# Faelan now has his RN Title



## AmberSunrise (Apr 1, 2009)

Woo-hoooo! Faelan finished his first Rally title today. 3 straight shows with 2 second places. 

Something had him very distracted today and he actually bumped me a few times since he wasn't paying attention - so now I know his attention in the ring needs work but I am very proud of him.

Scores were 195, 190 (I lost him 10 points yesterday for working attention so hard I ended up on the wrong side of a sign) and today a 92 (4 bumps, 2 tight leads, and both an out of position and slow response on the stop and down - since I never taught this sign this was totally my fault).

There is a recent thread on Rally vs Obedience, and my recent experiences completely re-enfore my using the rally ring to work towards the traditional obedience rings.
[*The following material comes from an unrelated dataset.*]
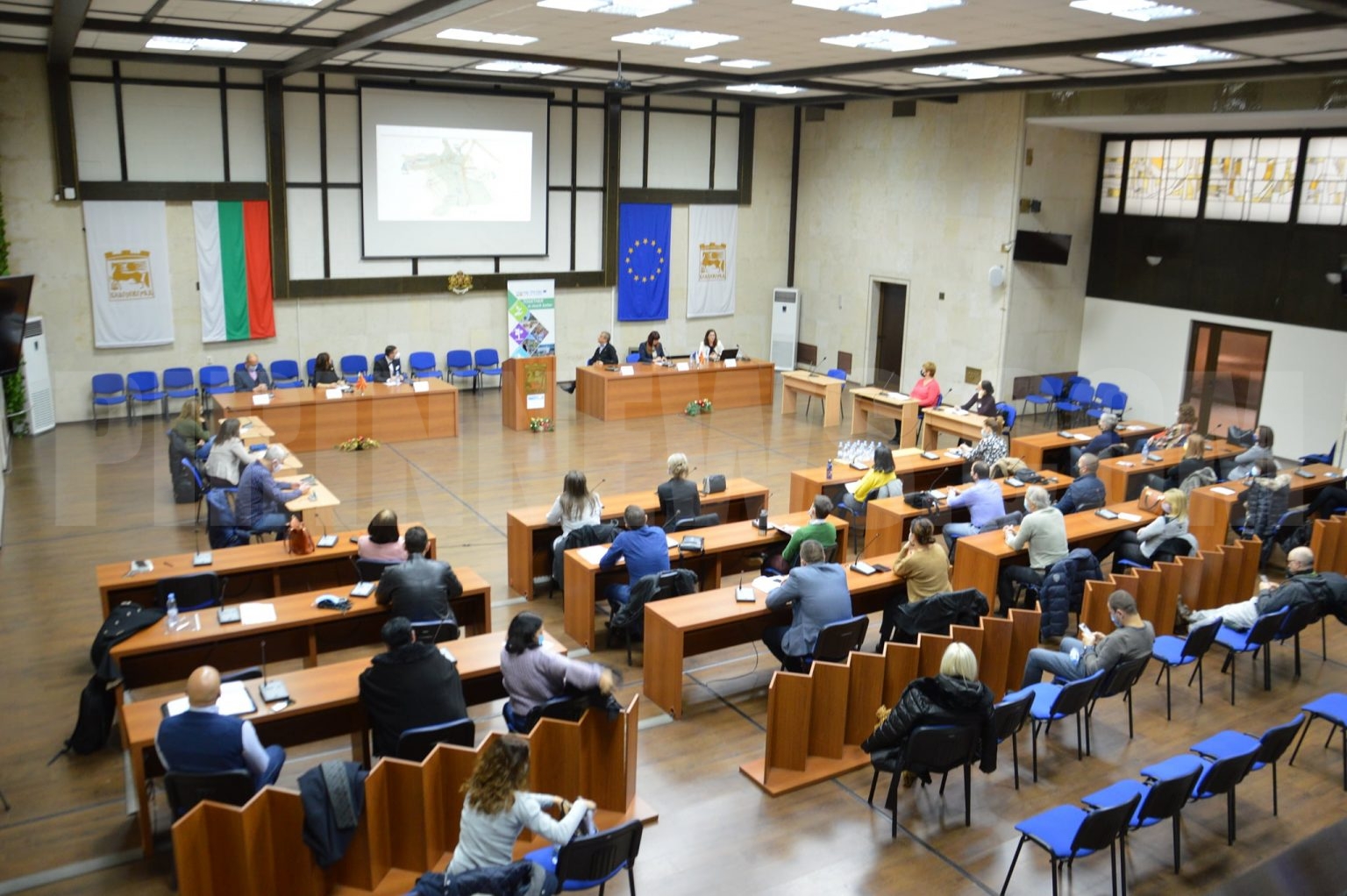 Зам.-министърът на МРРБ Нина Стоименова представи в Благоевград възможности за кандидатстване с проекти по програма за ТГС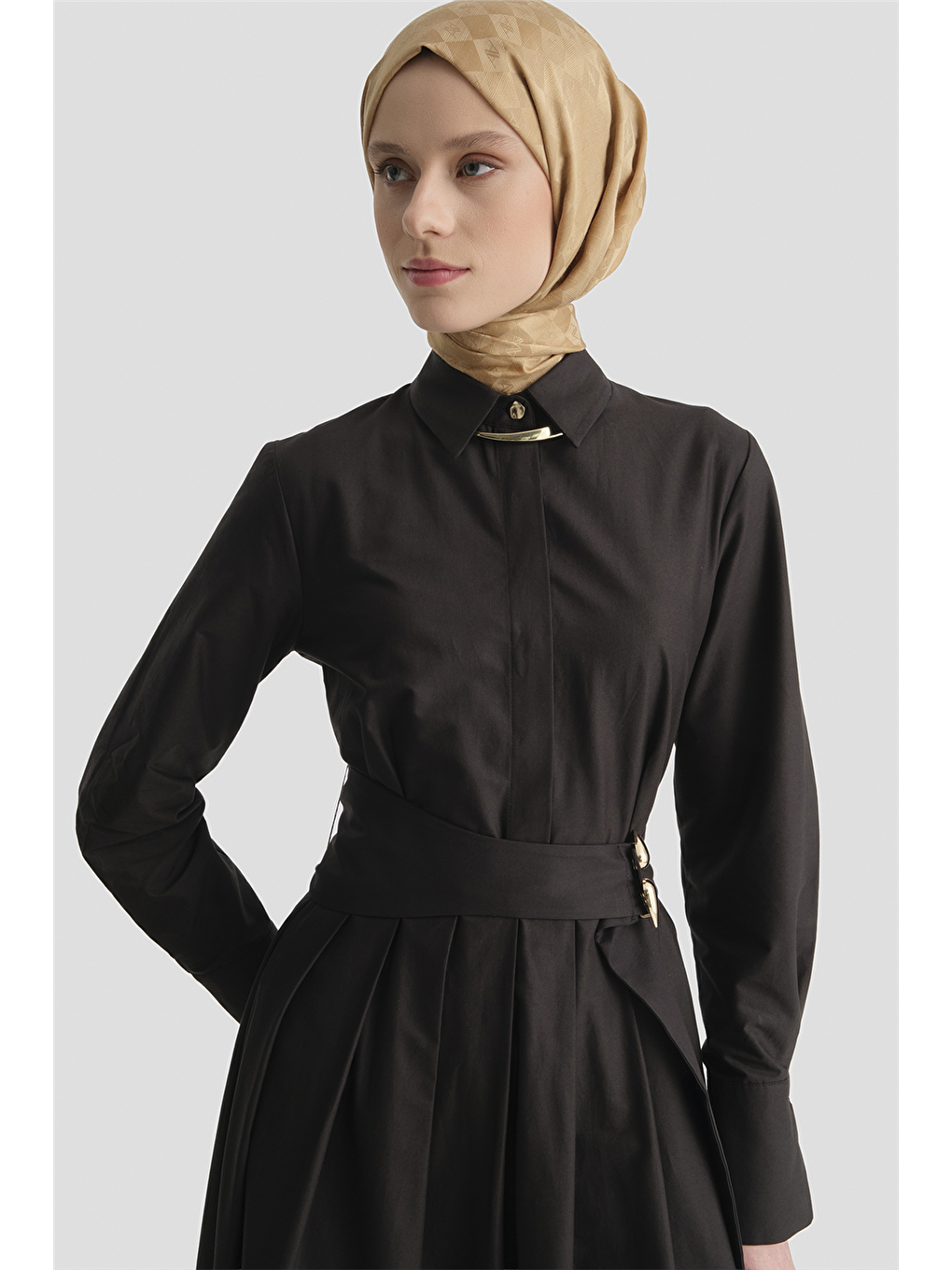 Kemer Detaylı Pamuk Elbise Siyah-3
Goose poop on the grounds, and the row boats and crew teams practising (with the yelling cadence) on the lake behind us provided plenty of distraction as well as some really beautiful snowy-white birds; they really showed up against the water LOL Today was also the first time there were chairs, people and dogs surrounding a ring he was in - another scenario to practise more with.

We have a bumper leg show tomorrow and hopefully the gorgeous weather we have enjoyed the past 2 days will continue.


----------



## DNL2448 (Feb 13, 2009)

Awesome! Congratulations!


----------



## hotel4dogs (Sep 29, 2008)

hey hey, good for you! I notice the DOG made no errors, just the handler! Sounds familiar 
Good luck tomorrow!


----------



## Ash (Sep 11, 2007)

Way to go!! Thats awesome news!


----------



## GoldenSail (Dec 30, 2008)

Congrats to you guys! Keep up the good work!


----------



## AmberSunrise (Apr 1, 2009)

hotel4dogs said:


> hey hey, good for you! I notice the DOG made no errors, just the handler! Sounds familiar
> Good luck tomorrow!


Thanks 

Of couse <grins> .. my dogs (well except Casey who totally has a mind of his own) don't ever make mistakes LOL It always is me, either in the ring or in my training:wavey:


----------



## Tahnee GR (Aug 26, 2006)

Congratulations!


----------